# Trot Poles



## Scoutrider (Jun 4, 2009)

Is there a rule of thumb for determining the distance between trot poles? I'm planning on setting mine up in series to try to encourage my guy to lift and engage more, but I don't want to screw up his trot by getting the spacing wrong. It's sad, I've never set up a line of trot poles for myself before. :lol: I've found a couple of measurements, but they seem huge, like geared for a 16 hand warmblood, not a 14 hand pony cross. 

Thank you!


----------



## gypsygirl (Oct 15, 2009)

for most horses 4.5ft apart is fine

unless its a pony thats where i always set them. you can set them at 4ft, 4.5ft, & 5ft to work on adjusting though.


----------



## equiniphile (Aug 16, 2009)

For 4-H trail class, trot poles have to be between 30 and 40 inches
_Posted via Mobile Device_


----------



## maura (Nov 21, 2009)

I agree with gypsy girl, when setting trot poles for kids on school horses, 4 - 5 ft was what I used. Once he gets used to that striding you can increase it to get the extra lift and engagement you want.


----------



## gypsygirl (Oct 15, 2009)

30 - 40 inches seems really short to me...


----------



## Scoutrider (Jun 4, 2009)

Thanks so much, all! I'll tote my tape measure out to the arena with me and we'll see how it goes!


----------



## kitten_Val (Apr 25, 2007)

I asked similar question while back. After lots of responses, doing research on the Internet, and trials with my own horses I'd say 4 ft for my horses (they are 14'3 and 15'1). 3 ft my trainer said seems to be very small even for my short legged qh, 4.5 is little too much for my qh (but OK with my paint).


----------



## Scoutrider (Jun 4, 2009)

I put him over poles yesterday's ride, and he did very well! I set them just shy of 4.5 feet apart, 3 in a row, midway down the quarterline. He seemed to enjoy doing them, and I could feel a pretty dramatic change in his carriage at just that distance; head down, significantly more bounce, and a big stretch up frm his back. 

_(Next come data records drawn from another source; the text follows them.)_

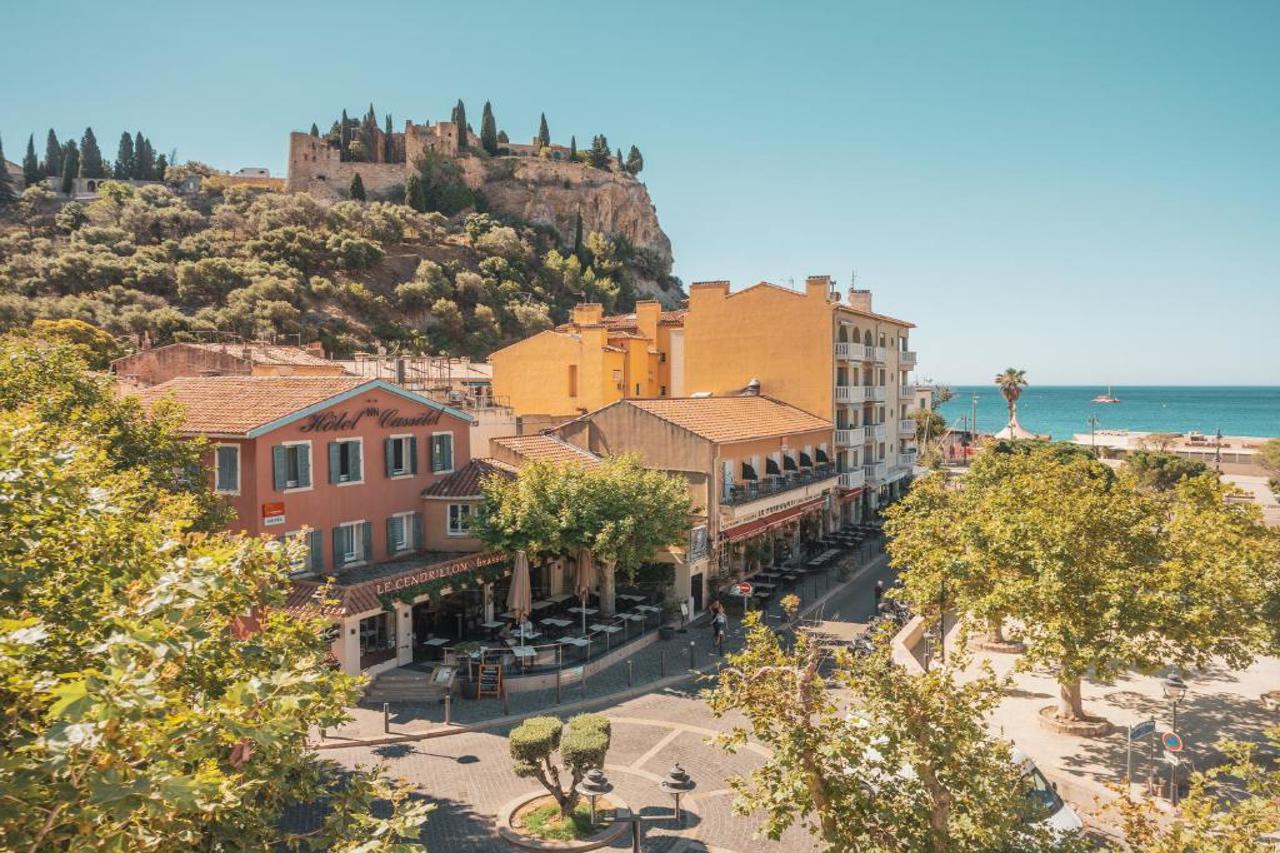 Hotel Liautaud Cassis by Germain Collection 32/33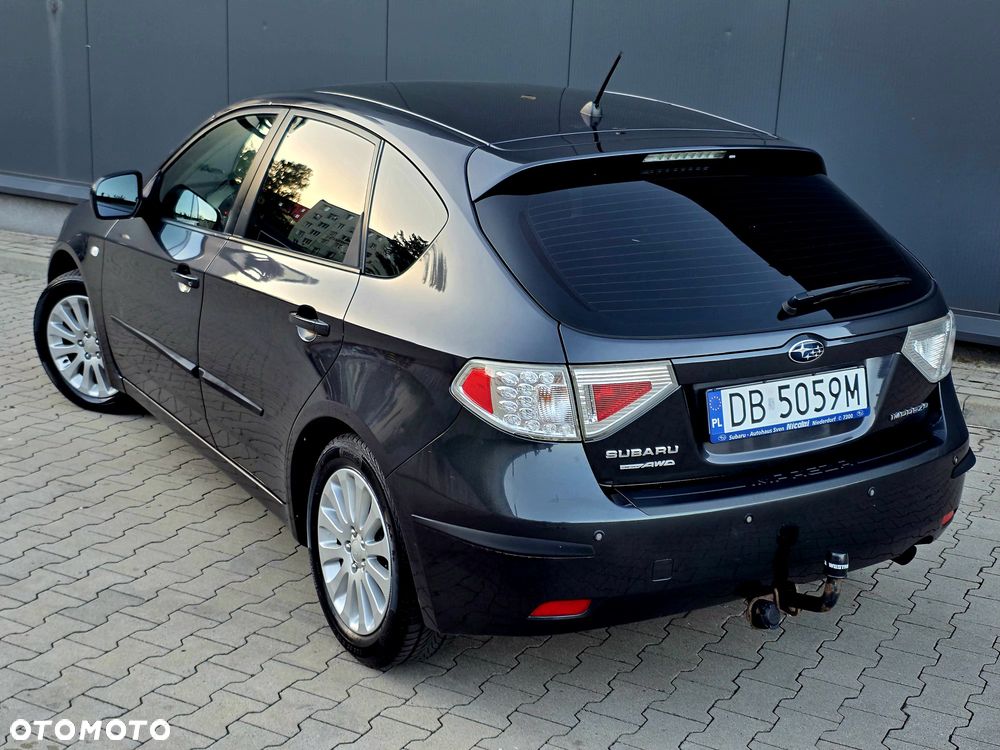 Subaru Impreza 2.0 RA - 12
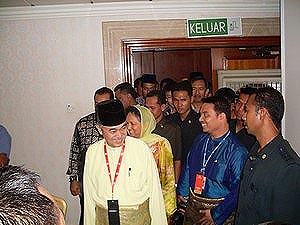 pak lah visit umno agm 2009 media centre 270309 02
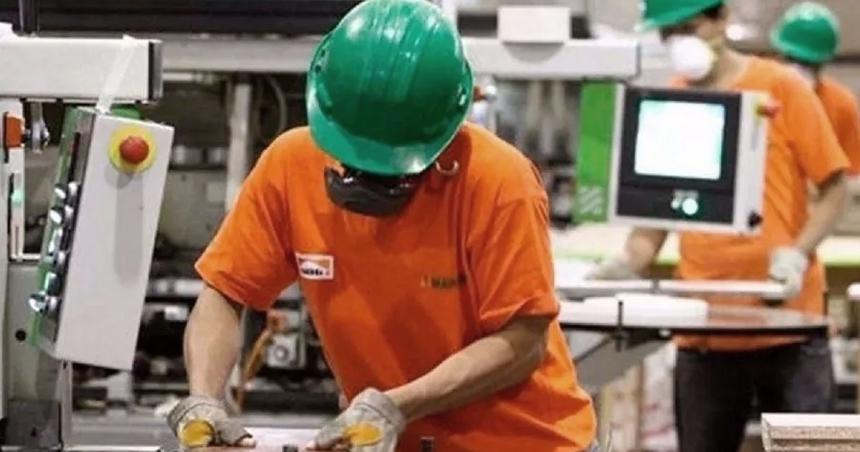 La actividad industrial crecioacute en enero 63-en-porciento- y la construccioacuten 26-en-porciento- interanual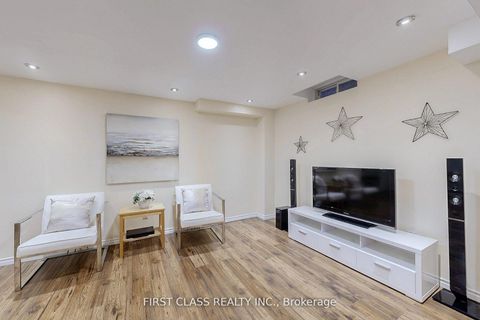 Photo 27 at 79 Carnoustie Crescent, Jefferson, Richmond Hill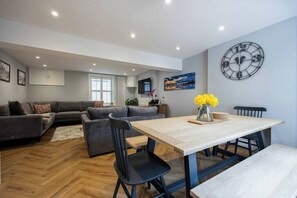 Dining - Host & Stay | Brighton Laines House (Brighton and Hove)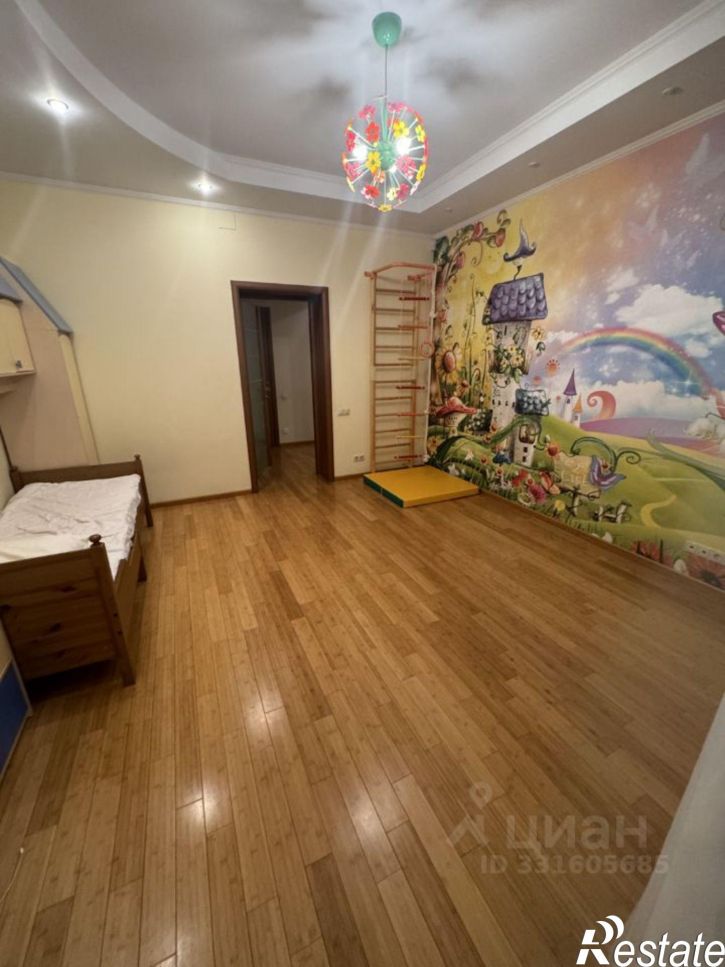 5-комн квартира улица Вишневского, 22,  д. 22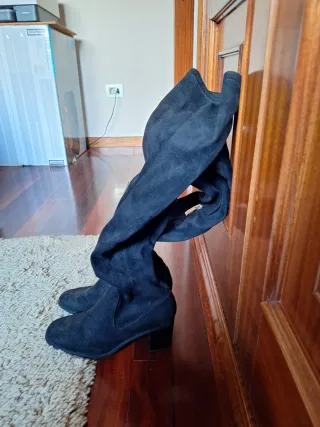 Botas altas con tacón de ante color negro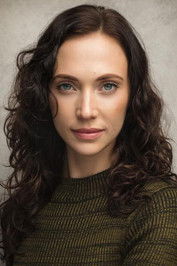 Stephanie Tripp as Olivia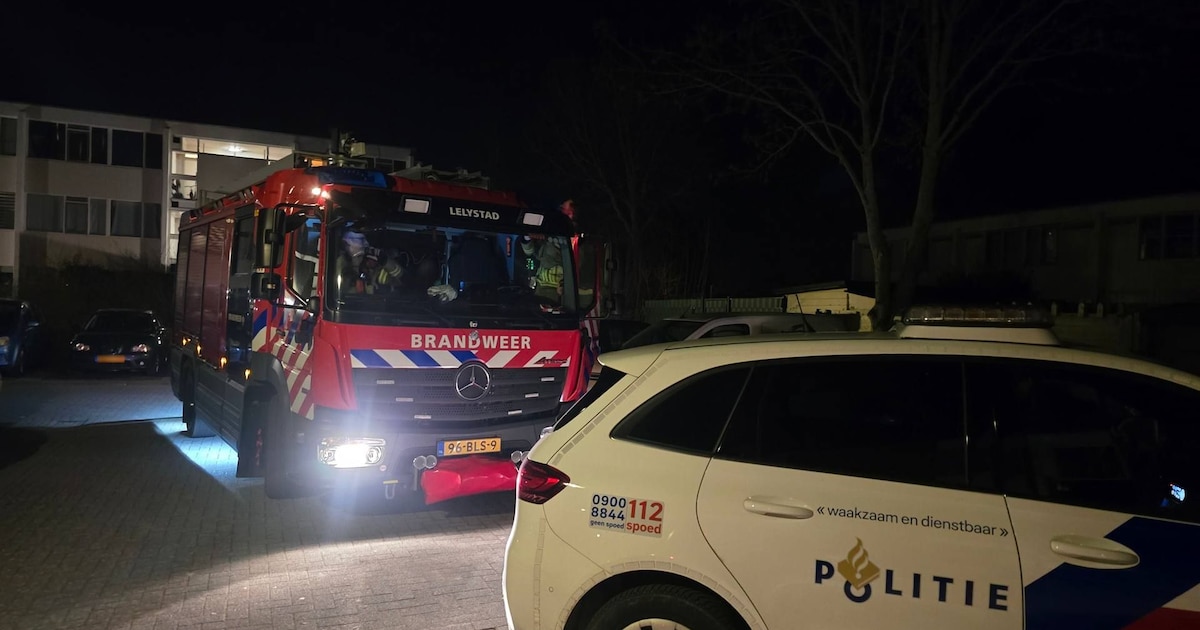 Ontploffing bij woning in Lelystad: mogelijk vuurwerk naar binnen gegooid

Since this was his first real experience with trot poles, I was pretty careful to really get out of his way going over them; 2 pointing over the poles and putting my hands forward to put slack in the reins. Should I be aiming to eventually ride them with soft contact, posting "normally" as he gets stronger and more comfortable with the exercise? 

We went over a single pole several times to warm up, and then the 3 pole setup about six times only, 3 times on each rein.

Thanks so much for your help, everyone!!


----------